No tenemos prueba alguna de que la emigración hacia América en la época de la Conquista tuviese como motivo la búsqueda de un medio de subsistencia y, sin embargo, sí sabemos, porque no se recetan en decirlo los textos de la época, que a América se iba «en busca de fama y fortuna». No se trataba pues de un movimiento de proletarios en busca del puesto de trabajo, sino de una emigración masiva de empresarios, como lo demuestra la denominación de empresas a las actividades por ellos ejercidas.

La Conquista fue, sobre todo, un logro de la iniciativa privada. Jamás se hubiera conquistado, explorado y dominado un continente en el exiguo plazo de poco más de medio siglo, con tropas regulares; se precisaba el incentivo de la posible ganancia y obtención de poder y fama; aquellos móviles, en suma, que llevan al hombre a realizar empresas, poniendo en marcha los resortes de la ambición, el espíritu de riesgo y el afán de aventuras.

En un mundo inmerso en el concepto económico del mercantilismo, se supo, de alguna manera, anticiparse en dos siglos a lo que sería el liberalismo económico. Empresarios de la guerra patrocinaban sus expediciones y reclutaban, a sus expensas, las tropas, que acataban la autoridad y ponían su confianza, no en un capitán de escalafón, sino eligiendo a su albedrío al jefe que consideraban más capaz para la culminación de la empresa.

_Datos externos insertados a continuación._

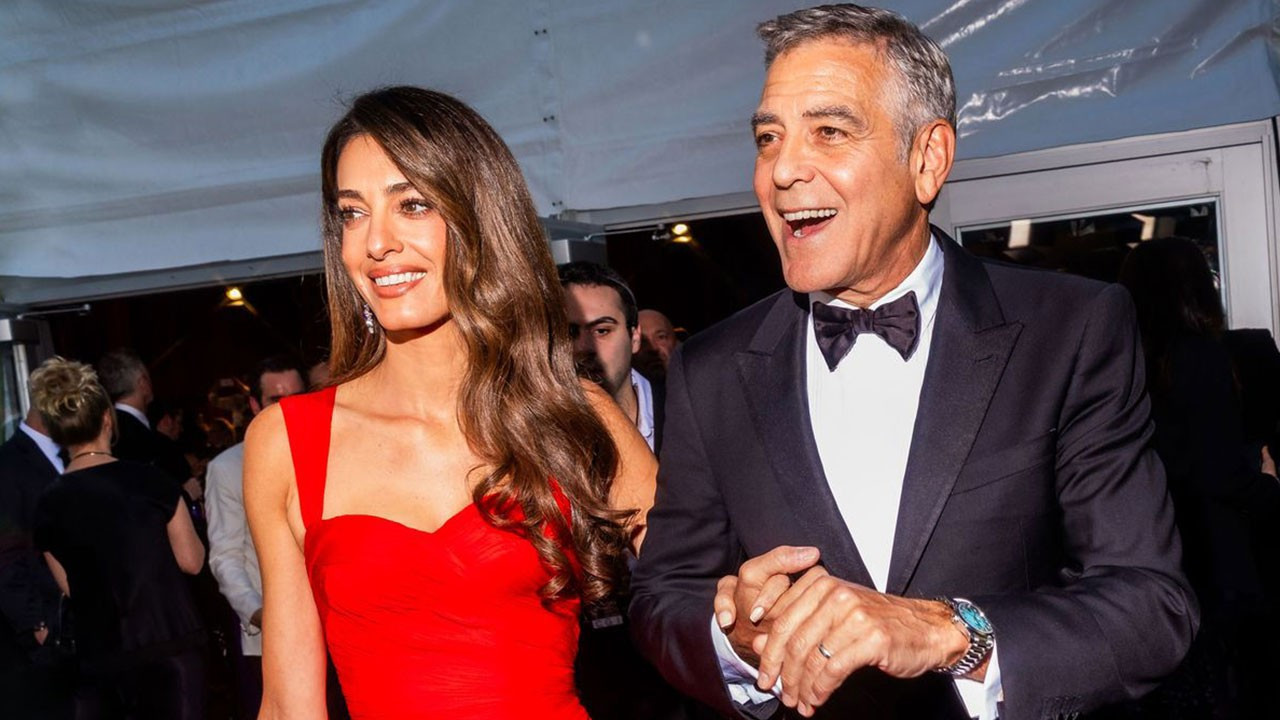 George Clooney Hollywood'u terk etti, Fransa'ya yerleşti! Traktör kullanıp tarla sürüyor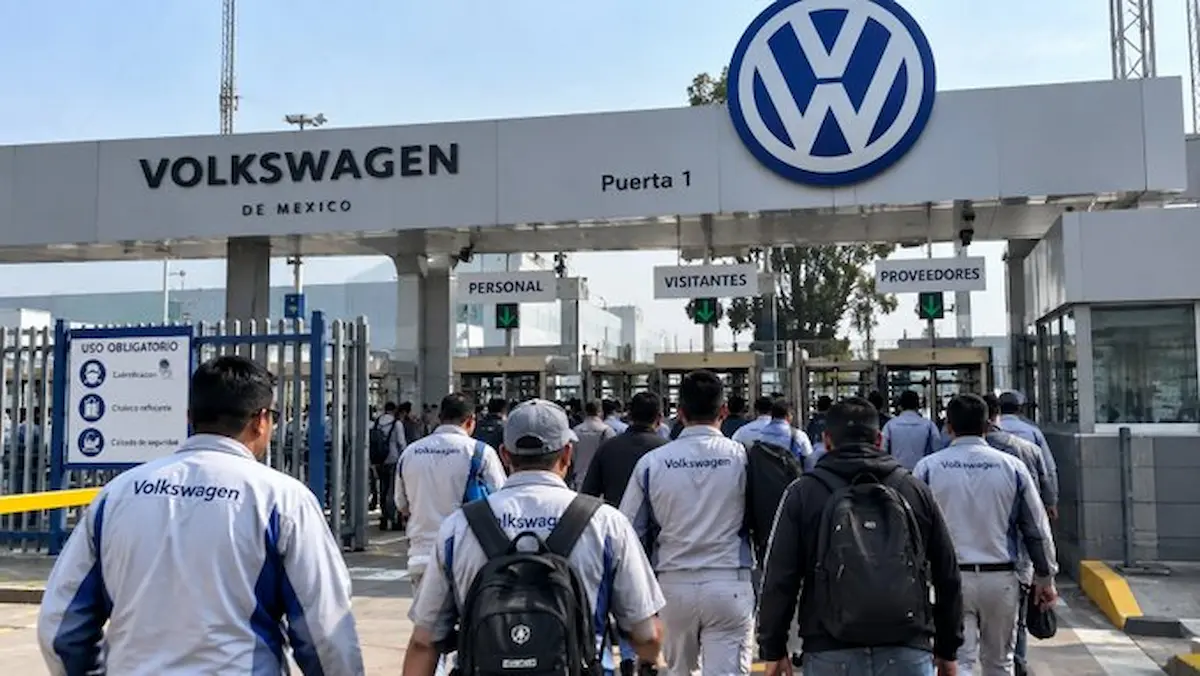 Obreros llegando a las instalaciones de Volkswagen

Considerando estas y otras cosas que pudieran ser sacadas a colación por personas con más autoridad que la mía, debemos procurar terminar con este tipo de seudo-investigaciones, que tanto dañan a la historia de nuestra Extremadura y siembran de confusión las mentes de nuestros escolares y estudiantes. Autoridades importantes tenemos en el terreno de la historia que pueden, con su buen criterio, salir al paso de estas afirmaciones sin fundamento. Y estos Coloquios Históricos que tan prestigiosa mente se vienen celebrando en Trujillo, pueden servir de decantación de todos los trabajos que sobre estos temas se realicen.